É decente você, como governador, colocar dinheiro público em rádios e num jornal de sua família?

Se Aécio fosse um prodígio como empreendedor, poderíamos discutir com um pouco mais de complexidade este assunto. Mas ele ganhou sua primeira rádio aos 25 anos, uma cortesia de Sarney. Caiu em seu colo de neto de Tancredo.

Em que mundo vivemos? Sei que não estamos na Suécia, onde muito menos que isso é socialmente inaceitável, mas também não temos que exagerar no lado contrário.

A mídia – sempre tão pronta a se indignar com qualquer coisa – acha normal isso? É uma pergunta que eu gostaria de fazer aos donos das empresas jornalísticas.

E os colunistas campeões da moralidade: o que pensam disso?
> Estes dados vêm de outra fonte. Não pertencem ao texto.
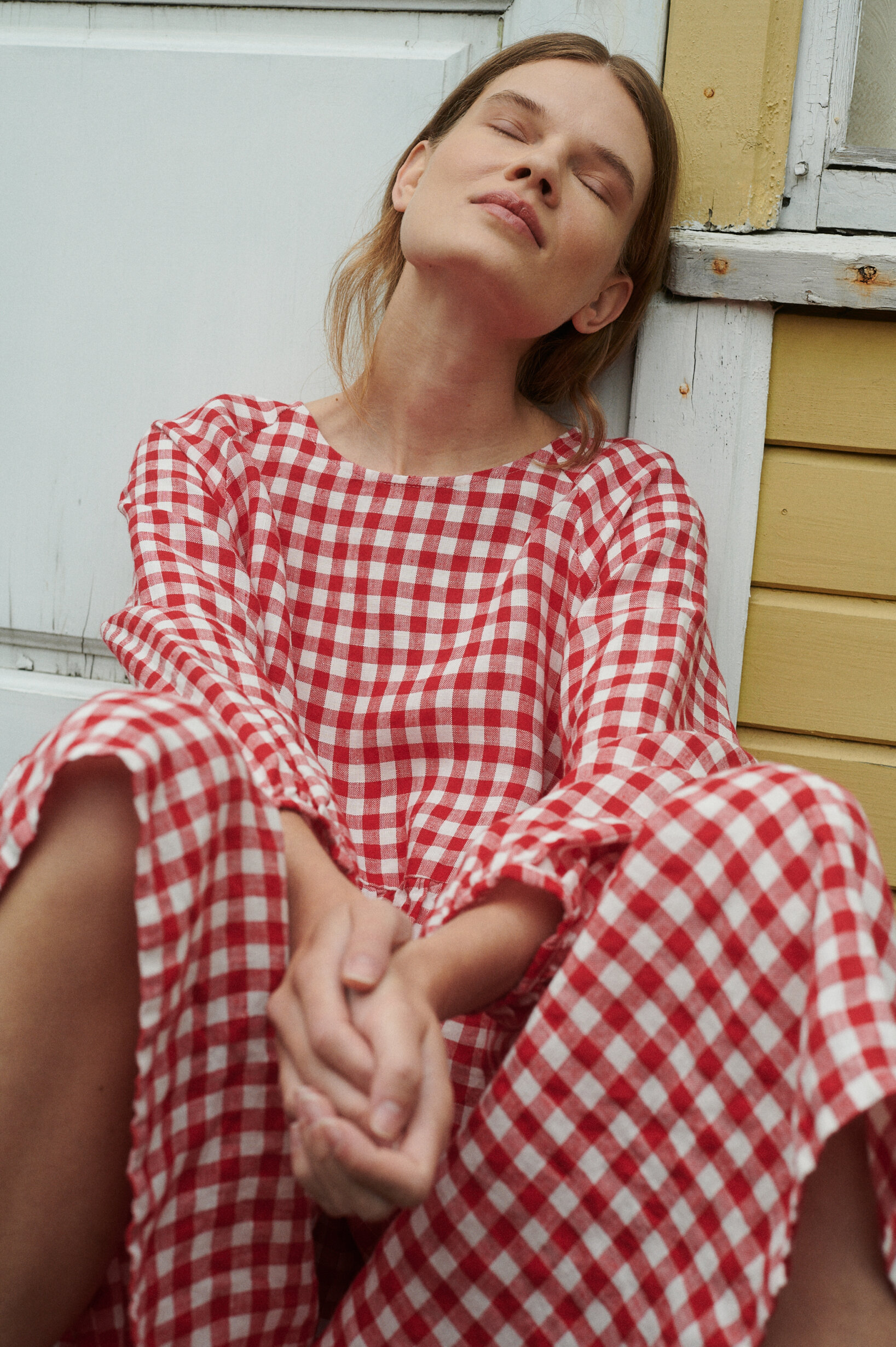 a close up shot of model wearing oversized red gingham linen dress outside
Gostaria também de saber a opinião de sumidades jurídicas como Joaquim Barbosa e Gilmar Mendes.

A Folha diz que o governo mineiro não diz quanto colocou nas empresas de mídia da família Neves.

Mas é claro que com algum esforço de reportagem essa informação seria obtida. Alguém, cansado de tanto despudor, vazaria a cifra.

Mas a Folha sabe até onde ir. O que mais interessa a ela é manter a imagem de pluralismo, e não propriamente elucidar escândalos de gente como Aécio.

Quanto a mim, gostaria de saber quanto dinheiro foi posto também na Globo nestes anos de Minas sob Aécio.

Quantos milhões?

Isso ajuda a entender por que a Globo jamais cobriu, com honestidade jornalística, Aécio.

As grandes empresas jornalísticas não mamam apenas do governo federal. Mamam também de governos estaduais e de prefeituras.

Se Alckmin perdesse, o lote de assinaturas da Veja para escolas – os alunos desprezam, naturalmente, e nem tiram da embalagem – não seria renovado. Livros didáticos da Abril não seriam comprados.

Aí está um paradoxo: se você desplugar as empresas de comunicação do Estado, elas desabam. Elas são Estadodependentes. Não caminham pelas próprias pernas.

Nem competir elas competem: há uma reserva de mercado que veda a entrada de empresas estrangeiras.

Um choque de capitalismo: é isto que as empresas deveriam receber, e não verbas de todos os lados que as fazem depender do “Estado Babá”.

Claro que, num choque capitalista, políticos não poderiam ser donos de veículos de mídia pelo óbvio, brutal, intolerável conflito de interesses.

Pela indecência, em suma — um atributo que se torna ainda mais sinistro quando associado a alguém que diz defender a decência.